The Federal Government says it will prevent convicted child sexual abusers from hiding their assets in superannuation. 

Currently, victims of crime who launch civil action for compensation against their perpetrators are unable to access any funds held in the offender's superannuation.

This week, the government released a discussion paper outlining two proposals for the release of an offender's superannuation to satisfy unpaid compensation orders to their victims.

Under one proposed change, certain super contributions made by an offender before criminal proceedings would become available to the victim for compensation.

Courts would also be given access to Australian Taxation Office data about offenders' superannuation accounts so that more transparency can be used to assist victims.

The discussion paper says the proposed mechanisms would be available exclusively to victims and survivors of child sexual abuse in criminal or civil compensation proceedings. 

“Responses to this discussion paper will help inform the government's consideration of options to prevent child sexual abuse offenders from shielding their assets in the superannuation system,” the discussion paper states.
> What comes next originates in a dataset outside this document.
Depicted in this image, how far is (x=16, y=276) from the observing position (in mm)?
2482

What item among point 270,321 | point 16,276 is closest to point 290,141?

“The government is particularly concerned that, where they are personally liable for a compensation order, offenders have an incentive under the existing framework to shield assets in the superannuation system and deny victims and survivors access to redress in doing so.

“In recent years, there have been a number of high-profile reports of convicted child sexual abuse offenders deliberately hiding millions of dollars' worth of assets in superannuation accounts to defeat compensation claims.”

The announcement is the result of a campaign for change led by former Australian of the Year Grace Tame.

Ms Tame says the legal loophole is just one part of a system stacked against victim-survivors of sexual abuse.

“It's really important for people to understand the fundamental power imbalance between survivors and paedophiles,” she said in an interview last year.

“Where we seem to keep going wrong is in simplifying it to one between individuals – it isn't.

“And [this is] a classic example of systems abuse that remains unchanged.

“Instead of thinking of it in terms of individual perpetrators and individual victims, it is [actually] individual victims versus an entire machine.”

Consultation will close on February 16.